By Dr. Ian Ralby and Col. Leonid Zaliubovsky
Despite Russia continuing to bomb civilians and target hospitals amid an aggressive war that is itself illegal, the Russian Federal Security Service (FSB) has taken the time to issue a press statement complaining about Ukrainian mines in the Black Sea. Specifically, the FSB claims that the Ukrainian Navy has violated international law because a storm broke loose some of the submarine mines used to protect Ukrainian ports from the Russian invasion. Interestingly, Russia is claiming that Ukraine has contravened the provisions of the 1907 Hague Convention (VIII) on submarine mining, yet neither Russia nor Ukraine is actually a party to that Convention.
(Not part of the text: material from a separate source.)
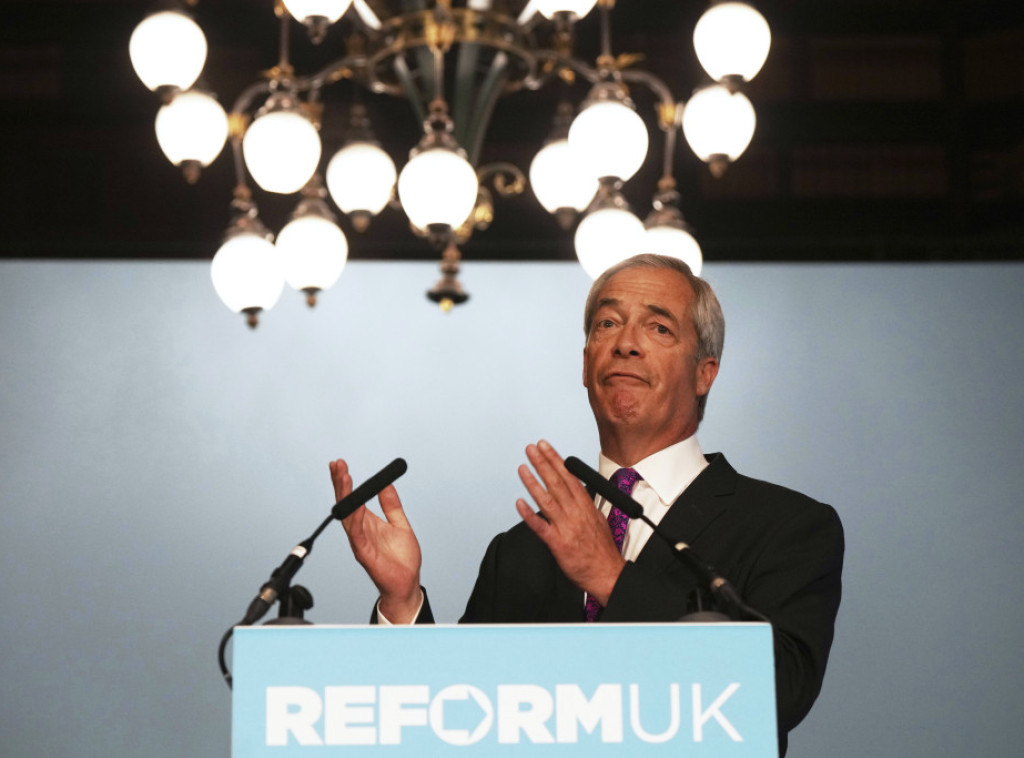 Faraž: Putin je "izuzetno opasan čovek"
Beyond the obvious efforts at controlling the narrative, this latest statement indicates that, even while waging a brutal kinetic war, Russia is continuing its longstanding campaign of what has been termed “lawfare” – using law or legal processes to accomplish what would otherwise be military ends. In Russia’s case, however, this sort of legal bullying on the grounds of baseless legal claims and “fake law” is perhaps better termed “unlawfare.” Only by highlighting absurd legal postures by Russia and applying sound legal analysis can this nefarious tactic be effectively countered. Russia cannot be allowed to use spurious legal justifications to undermine and degrade the rule of law.
In 1898, Russian Tsar Nicholas II proposed a multinational conference to codify the laws and customs of war, initiating a process that started in the Hague and continued decades later in Geneva. The resulting conventions are the main laws that govern the conduct of states in armed conflict.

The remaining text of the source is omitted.